Do you recycle all aluminum cans? All aluminum cans and bottles are very recyclable. Aluminum foil and pie pans, if free of baked on food, and relatively clean should find their way into the recycling container.
Do you donate unwanted clothing, bedding, curtains, and rugs to the Salvation Army rather than throw them away with your landfill garbage? There are a dozen Salvation Army containers just inside the door of the Recycling Center in Preston. Ripped and torn articles are accepted. All we ask is that your donations are clean and dry. The Salvation Army now accepts shoes, belts, and purses, as well.
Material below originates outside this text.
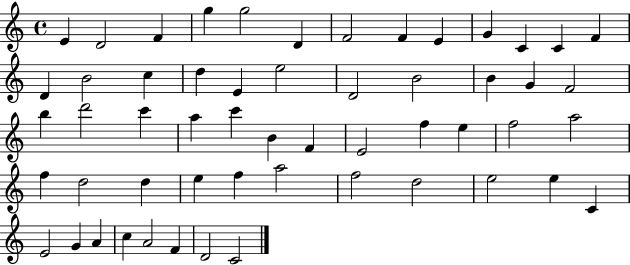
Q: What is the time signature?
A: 4/4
Do you use the metal bin as much as you should? There is a large dumpster at the Recycling Center in Preston. Any form of metal can go into this container. Aluminum siding, rain gutters, barbed wire, steel fence posts, grills, pots, pans, satellite dishes, bicycles, snow blowers, and lawn mowers are just a few items that can be placed into this container. If your item is too large to lift it into the container, just lay it next to the dumpster and we will get it into the container.
Do you recycle all your fluorescent and CFL tubes and bulbs? Yes, they do contain mercury and we don’t want or need that stuff floating around getting on us, our food, our soil, or our water.
Do you recycle all your rechargeable and button batteries? A Recycling 101 article in the Fillmore County Journal in June dealt with this subject. I received an e-mail concerning getting a rechargeable battery out of an electric tooth brush. Please don’t hurt yourself trying get the battery out. The people at the recovery center will get it out if you take it to them.
The next group of Recycling 101 articles are scheduled to contain what I consider interesting tidbits of information that have found their way to my desk during the past ten years.